Diluted EPS for the quarter were $1.21, compared with $1.03 for the
third quarter last year, an increase of $0.18. The reorganization
benefit had a positive $0.07 impact on EPS in the third quarter of
fiscal 2013. Excluding this benefit, EPS for the quarter were $1.14, an
increase of $0.11 from the third quarter last year.
The $0.18 increase in GAAP EPS reflects:
-
$0.03 from higher revenue and operating results;
-
$0.02 from a lower share count;
-
$0.06 from a lower effective tax rate excluding the impact of the
reduction in reorganization liabilities; and
-
$0.07 from a reduction in reorganization liabilities.
Gross margin (gross profit as a percentage of net revenues) for the
quarter was 33.9 percent, compared with 33.1 percent for the third
quarter last year. Selling, general and administrative (SG&A) expenses
for the third quarter were $1.35 billion, or 18.7 percent of net
revenues, compared with $1.31 billion, or 18.3 percent of net revenues,
for the third quarter last year.
Operating income for the third quarter was $1.14 billion, or
15.9 percent of net revenues, compared with $1.06 billion, or
14.8 percent of net revenues, for the third quarter of fiscal 2012.
Excluding the $50 million reorganization benefit, operating income for
the third quarter of fiscal 2013 was $1.09 billion, or 15.2 percent of
net revenues, an expansion of approximately 40 basis points from the
third quarter of fiscal 2012.
The company’s effective tax rate for the quarter was 23.8 percent. The
effective tax rate was impacted by the reorganization benefit, which
increased income before income taxes without any increase in income tax
expense. Excluding this benefit, the effective tax rate for the third
quarter of fiscal 2013 was 24.8 percent, compared with 28.5 percent for
the third quarter last year.
Net income for the quarter was $874 million, compared with $763 million
for the third quarter last year, and includes the favorable impact from
the $50 million reorganization benefit.
Operating cash flow for the quarter was $1.50 billion, and property and
equipment additions were $91 million. Free cash flow, defined as
operating cash flow net of property and equipment additions, was
$1.41 billion. For the same period last year, operating cash flow was
$1.22 billion; property and equipment additions were $90 million; and
free cash flow was $1.13 billion.
Days services outstanding, or DSOs, were 30 days, compared with 27 days
at Aug. 31, 2012 and 30 days at May 31, 2012.

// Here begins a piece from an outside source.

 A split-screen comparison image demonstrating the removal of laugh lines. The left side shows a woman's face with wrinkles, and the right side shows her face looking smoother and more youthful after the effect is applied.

Accenture’s total cash balance at May 31, 2013 was $5.9 billion,
compared with $6.6 billion at Aug. 31, 2012.
Utilization for the quarter was 88 percent, compared with 88 percent for
the second quarter of fiscal 2013 and 87 percent for the third quarter
of fiscal 2012. Attrition for the third quarter of fiscal 2013 was
12 percent, compared with 11 percent for the second quarter of fiscal
2013 and 13 percent for the third quarter of fiscal 2012.
New Bookings
New bookings for the third quarter were $8.3 billion and reflect a
negative 3 percent foreign-exchange impact compared with new bookings in
the third quarter last year.
-
Consulting new bookings were $3.9 billion, or 46 percent of total new
bookings.
-
Outsourcing new bookings were $4.4 billion, or 54 percent of total new
bookings.
Net Revenues by Operating Group
Net revenues by operating group were as follows:
-
Communications, Media & Technology: $1.43 billion, compared with
$1.51 billion for the third quarter of fiscal 2012, a decrease of
5 percent in U.S. dollars and 3 percent in local currency.
-
Financial Services: $1.57 billion, compared with $1.50 billion for the
third quarter of fiscal 2012, an increase of 5 percent in U.S. dollars
and 8 percent in local currency.
-
Health & Public Service: $1.19 billion, compared with $1.09 billion
for the third quarter of fiscal 2012, an increase of 9 percent in U.S.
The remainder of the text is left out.